Torch.compile _softmax in MultiheadAttention does not return same value as eager

Hello,

I’m trying to implement torch.compile in my program, but I’m encountering reproducibility issues with this script using PyTorch 2.7.1:

import os
from functools import partial

import torch
from torch.nn import MultiheadAttention
from torch.testing import assert_close

os.environ["CUBLAS_WORKSPACE_CONFIG"] = ":4096:8"  # for deterministic cdist

torch.backends.cudnn.benchmark = False
torch.backends.cudnn.deterministic = True
torch.use_deterministic_algorithms(True, warn_only=False)

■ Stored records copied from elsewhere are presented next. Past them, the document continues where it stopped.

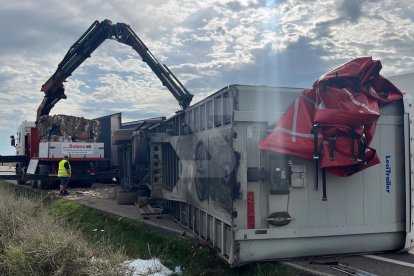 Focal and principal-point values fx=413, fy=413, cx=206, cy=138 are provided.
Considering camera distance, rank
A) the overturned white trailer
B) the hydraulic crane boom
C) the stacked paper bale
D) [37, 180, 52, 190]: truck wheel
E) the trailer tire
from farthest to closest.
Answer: the stacked paper bale
[37, 180, 52, 190]: truck wheel
the hydraulic crane boom
the trailer tire
the overturned white trailer

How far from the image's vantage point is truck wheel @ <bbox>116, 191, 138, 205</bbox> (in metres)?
11.8

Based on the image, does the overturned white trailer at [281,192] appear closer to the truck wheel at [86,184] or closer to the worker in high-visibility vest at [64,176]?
the worker in high-visibility vest at [64,176]

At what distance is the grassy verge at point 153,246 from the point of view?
5.70 meters

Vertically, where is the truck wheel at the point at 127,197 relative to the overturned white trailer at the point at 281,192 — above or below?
below

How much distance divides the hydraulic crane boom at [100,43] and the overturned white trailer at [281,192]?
7487 millimetres

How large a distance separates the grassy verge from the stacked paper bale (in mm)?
6770

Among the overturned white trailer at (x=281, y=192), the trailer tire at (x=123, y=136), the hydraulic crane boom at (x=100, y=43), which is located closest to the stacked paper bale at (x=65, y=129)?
the hydraulic crane boom at (x=100, y=43)

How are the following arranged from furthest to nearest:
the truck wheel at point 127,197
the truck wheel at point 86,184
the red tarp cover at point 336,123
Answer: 1. the truck wheel at point 86,184
2. the truck wheel at point 127,197
3. the red tarp cover at point 336,123

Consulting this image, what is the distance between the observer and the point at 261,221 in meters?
5.40

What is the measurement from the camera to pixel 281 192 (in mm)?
5418

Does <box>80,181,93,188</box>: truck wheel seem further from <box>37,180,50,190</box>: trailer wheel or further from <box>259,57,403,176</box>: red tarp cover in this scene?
<box>259,57,403,176</box>: red tarp cover

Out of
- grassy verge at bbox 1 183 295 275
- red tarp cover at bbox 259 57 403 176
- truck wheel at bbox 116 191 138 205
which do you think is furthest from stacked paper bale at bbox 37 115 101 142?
red tarp cover at bbox 259 57 403 176

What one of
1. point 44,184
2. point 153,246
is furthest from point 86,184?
point 153,246

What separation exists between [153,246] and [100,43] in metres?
10.3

torch.backends.cuda.enable_flash_sdp(False)
torch.backends.cuda.enable_mem_efficient_sdp(False)
#torch.backends.cuda.enable_math_sdp(False)

strict_assert_close = partial(assert_close, atol=0,rtol=0)
device  = "cuda"

def fn():
    torch._dynamo.reset()

    self_attn_builder = partial(MultiheadAttention,embed_dim=4,num_heads=1,dropout=0.1,bias=True,batch_first=True)

    torch.manual_seed(0)
    tf_raw = self_attn_builder().to(device)

    torch.manual_seed(0)
    tf_compiled = torch.compile(self_attn_builder().to(device),fullgraph=True)

    torch.manual_seed(0)
    tranfomer_input = torch.randn(torch.Size([128, 50, 4])).to(device)

    torch.manual_seed(0)
    output_1 = tf_raw(tranfomer_input,tranfomer_input,tranfomer_input,attn_mask=None,key_padding_mask=None)

    torch.manual_seed(0)
    output_compiled = tf_compiled(tranfomer_input,tranfomer_input,tranfomer_input,attn_mask=None,key_padding_mask=None)

    try:
        strict_assert_close(output_compiled, output_1)
        return True
    except AssertionError:
        return False
from torch._inductor.compiler_bisector import CompilerBisector

CompilerBisector.do_bisect(fn)

I can see that the output of aten._softmax differs between compiled and eager modes, which breaks my reproducibility tests.

Is this expected behavior, or is it a bug? Are there any options to ensure identical results between torch.compile and eager execution?

Thanks for your help!

How large is the absolute and relative error?

No, there is no guarantee different algorithms will return bitwise identical outputs.

Yes, but the error is not so small.

AssertionError: Tensor-likes are not equal!

Mismatched elements: 25600 / 25600 (100.0%)
Greatest absolute difference: 0.4337801933288574 at index (3, 1, 0)
Greatest relative difference: 2057.0537109375 at index (97, 14, 0)

The failure occurred for item [0]

In training, it completely changes my training results.

I can reproduce this larger error, but get the expected numerical mismatches after disabling dropout. I don’t know if random operations are guaranteed to return the same outputs as I would guess the mask sampling differs.

Ah, thank you, I will think that torch.manual_seed(0) will make dropout reproducible with torch compile, and CompilerBisector.do_bisect led me to the wrong path.